Barbara Harner, bakery director for Steele's Markets, Fort Collins, Colo., told SN she doubted that consumers are not influenced by product displays. "It's hard for me to swallow the idea that if you put products on display, it doesn't matter to the consumer," she said.

Harner feels that displays do make a difference. "It's that first impression that determines how much further into the bakery the shopper will go, and good displays give the department a warm, soft, fuzzy feeling that draws you and pulls you in," she added.

"And I've been in enough bakeries to know that there's a definite difference in buying strategies when a store offers good displays rather than products stacked in a shopping cart or on a stainless steel commercial rack, which are more of a garage sale kind of thing."

Harner said she uses oak fixtures or tables covered with attractive tablecloths at the in-store bakeries in the four Steele's stores she oversees.

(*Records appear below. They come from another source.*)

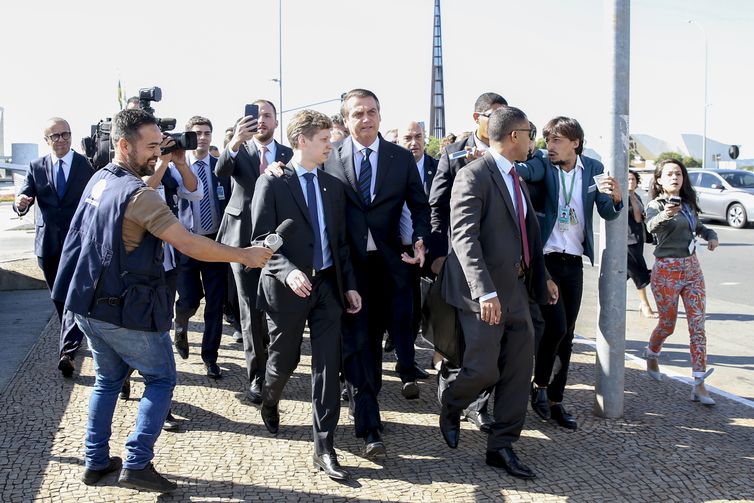 O presidente Jair Bolsonaro surpreendeu hoje (29) ao deixar o Palácio do Planalto por volta das 9h30 e ir a pé em direção ao Congresso Nacional.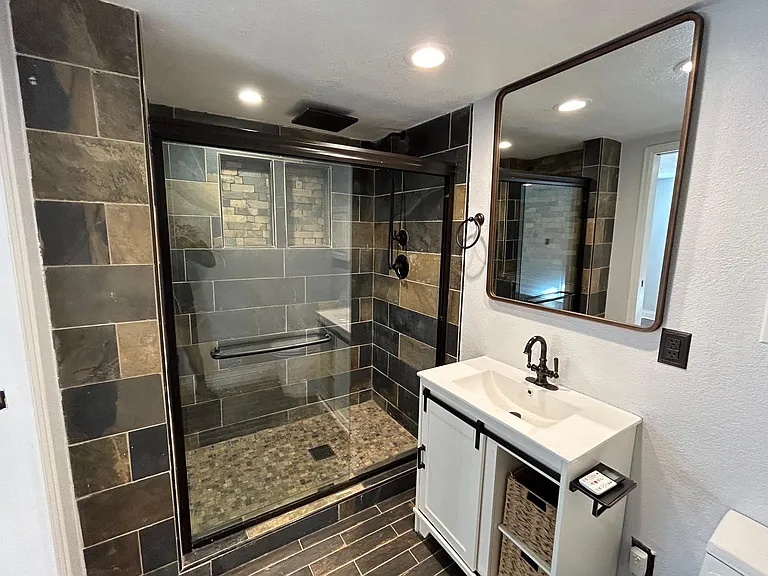 283 Maximus Dr — Photo 16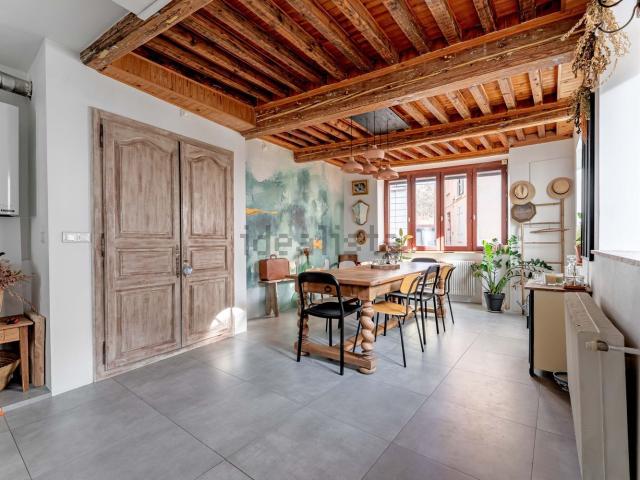 Maison, Neuville sur Saône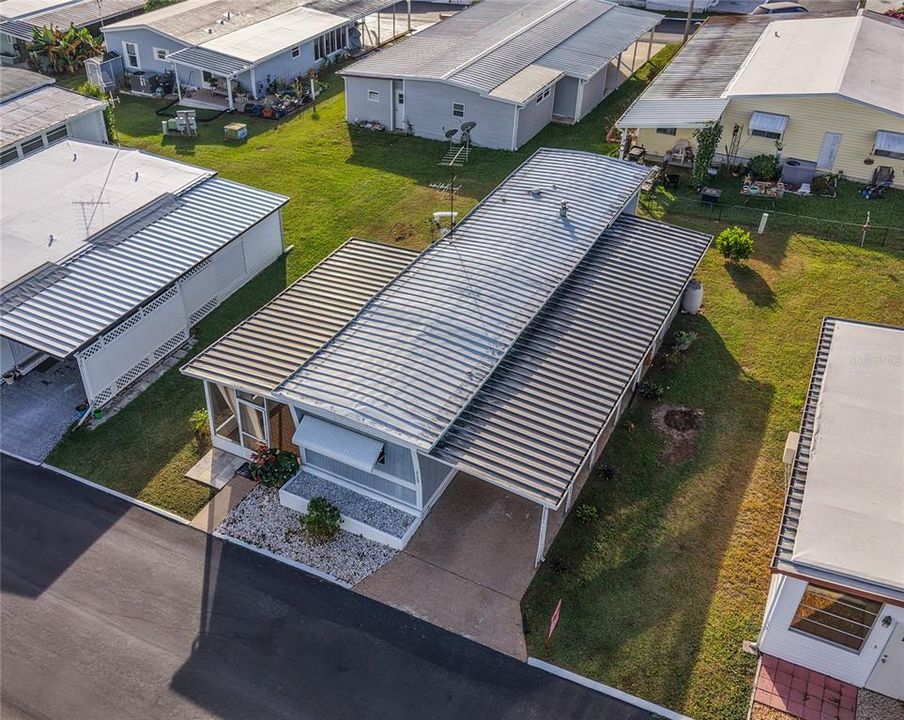 For Sale: $89,000 (2 beds, 1 baths, 684 Square Feet)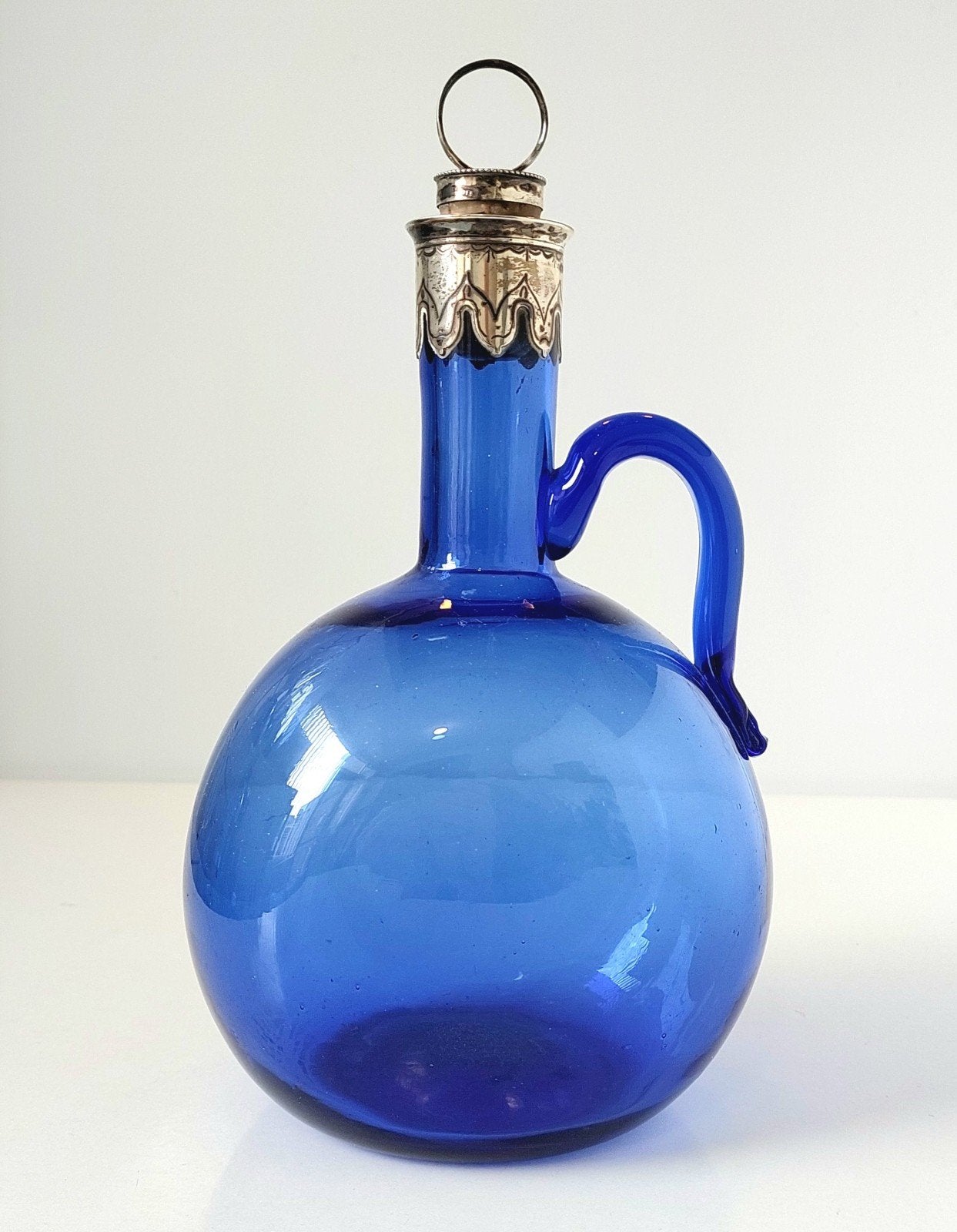 Antieke Glazen Bristol Blue Karaf Fles met Zilveren montuur, Ophalen of Verzenden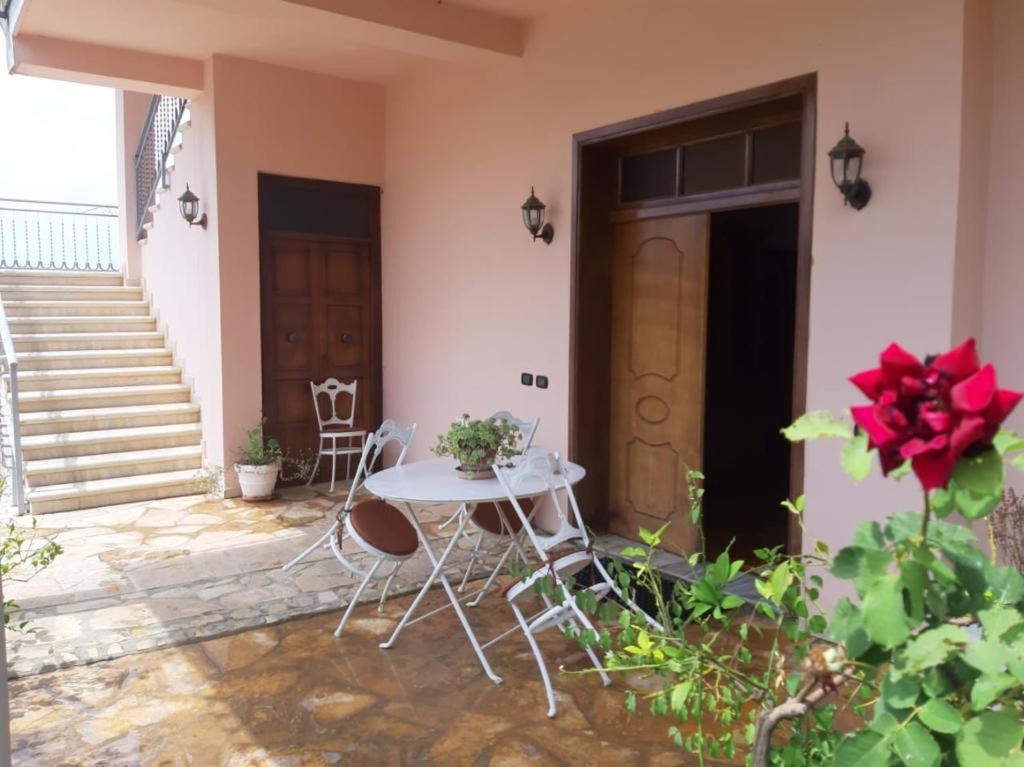 Guesthouse Villa Rosa Берат Экстерьер фото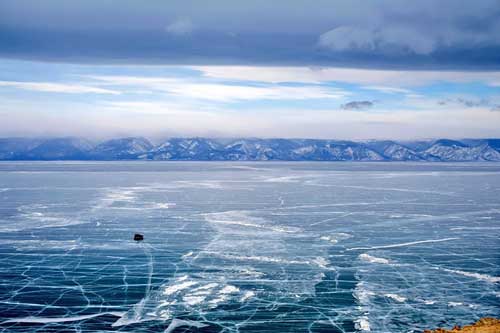 Vẻ đẹp kỳ vĩ và băng giá của Baikal - hồ nước ngọt rộng nhất thế giới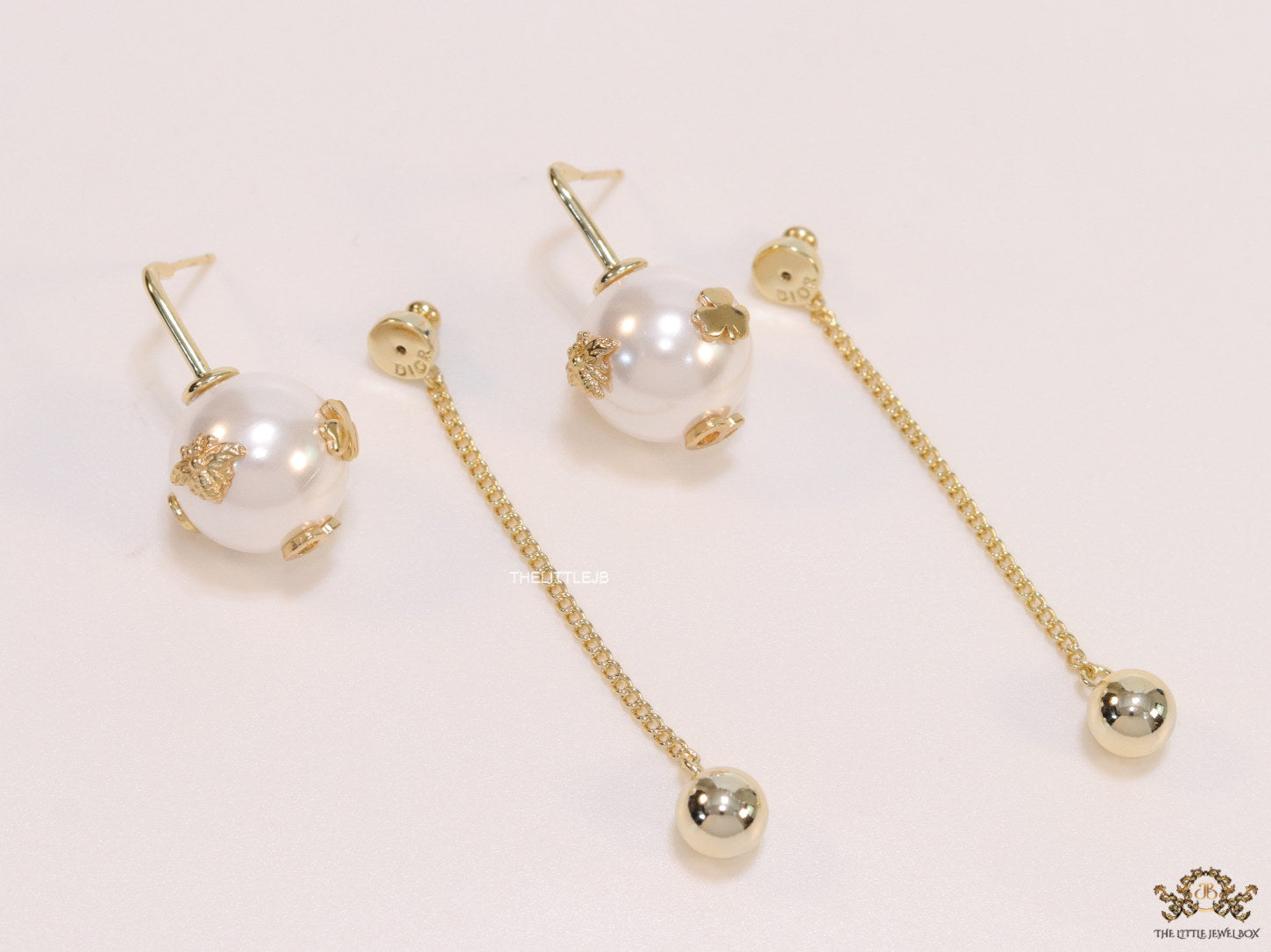 Detachable long chain pearl dangles in gold plating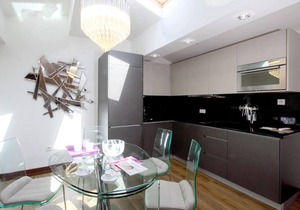 Apartment with Spacious Terrace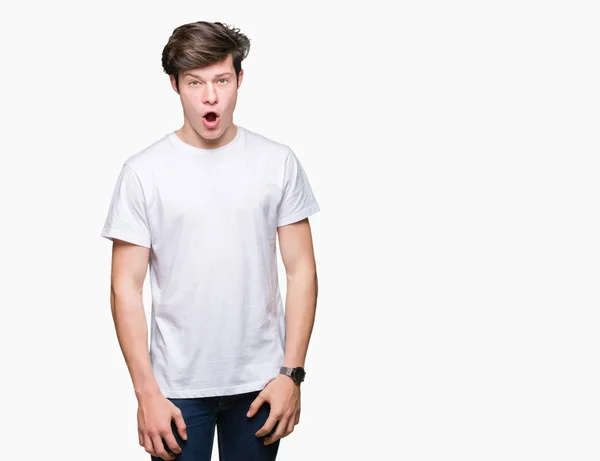Όμορφος Νεαρός Φορώντας Περιστασιακή Λευκό Shirt Πέρα Από Απομονωμένο Υπόβαθρο — Φωτογραφία Αρχείου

John Smolders, bakery director for five Thriftway stores in Oregon, said, "It was the poor choice of words that led to the misinterpretation [in the survey]."

As a member of RBA's In-Store Merchandising Committee -- which is designated to suggest ways to market and merchandise products based on the survey data -- Smolders said he isn't sure what RBA will do to correct the misimpression.

For his own part, Smolders said, he doesn't like large displays, "because if you have a display that's so many feet high and so many feet wide that sells only half the products, you gain very little from it compared with a smaller display that sells through."

On the subject of product pricing, Houstle said, "To a certain extent, the survey confirmed the feeling we've had that to be successful in a retail bakery, whether in-store or independent, you need to build the business around quality, service and variety, not around price.

"We're looking at the survey data in the context of how retailers should price and cost their products. Our concern among in-store bakeries is that product tends to be priced for a loss, not for a profit.

"The attitude among in-store bakeries is that they need to get more of the store's traffic coming into the bakery but they keep hitting a wall of 25%. However, the answer may be to focus on profit instead of sales -- to focus on customers willing to pay the freight for a profitable product rather than competing with commercial racks or a Wal-Mart-type of store.

"Maybe bakeries need to appeal only to 15% of a store's shoppers who aren't coupon clippers."

One of the consumer concerns addressed in the survey was product packaging -- an area of ongoing concern to retailers, Harner said.

Steele's replaced foil pans with ultra-pack bake-in pans for its angel food cakes early in the summer "because we had some complaints that the foil taste was transferring to the cake."

The bakery also stopped using foil to bake brownies in, even though there had not been any complaints, Harner said. "The foil seemed to affect the angel food batter only, maybe because that is more delicate so the taste comes through easier."

Eliminating the use of foil for both products was also cost-effective. "The products travel better without getting hurt," she explained.

Smolders also said he prefers plastic containers for baked goods. "We used to display half the products in shrink-wrap and half in plastic, and we found that plastic offered better product protection and sold better.